→ Brief
Start the copy at the line containing "Bala And Welshpool" and run it through the last line of the records. Repeat each line exactly; omit pictures.

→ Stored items

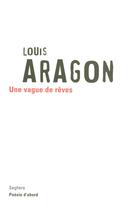 Couverture du livre « Une vague de rêves » de Aragon/Eychart aux éditions Seghers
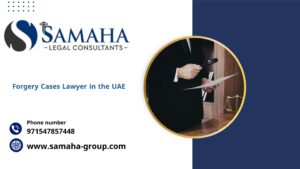 Forgery Cases Lawyer in the UAE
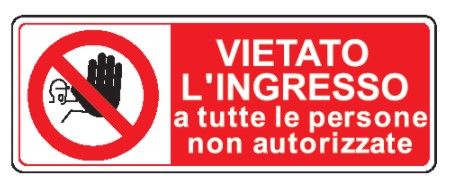 Cartello in All. 330x500 mm VIETATO L'INGRESSO A TUTTE LE PERSONE NON AUTORIZZATE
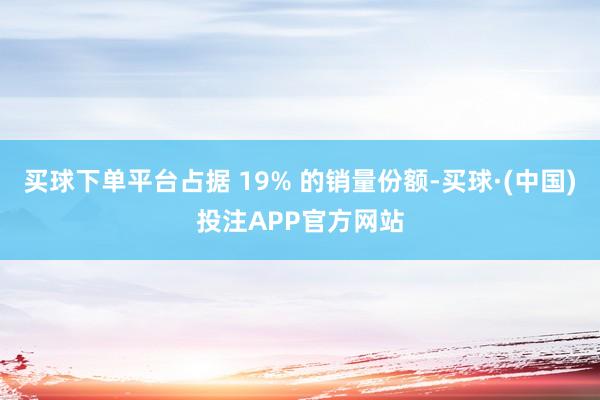 买球下单平台占据 19% 的销量份额-买球·(中国)投注APP官方网站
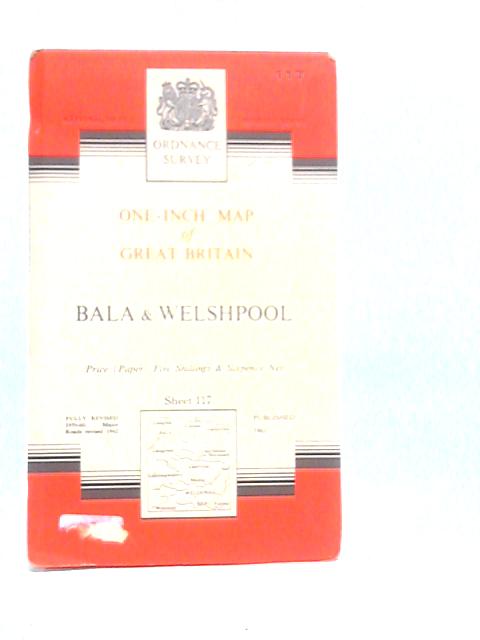 Bala And Welshpool Sheet 117: One Inch of Great Britain Map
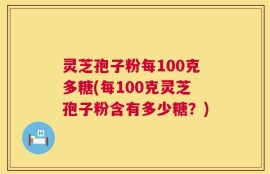 灵芝孢子粉每100克多糖(每100克灵芝孢子粉含有多少糖？)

→ Answer box
 Bala And Welshpool Sheet 117: One Inch of Great Britain Map
 灵芝孢子粉每100克多糖(每100克灵芝孢子粉含有多少糖？)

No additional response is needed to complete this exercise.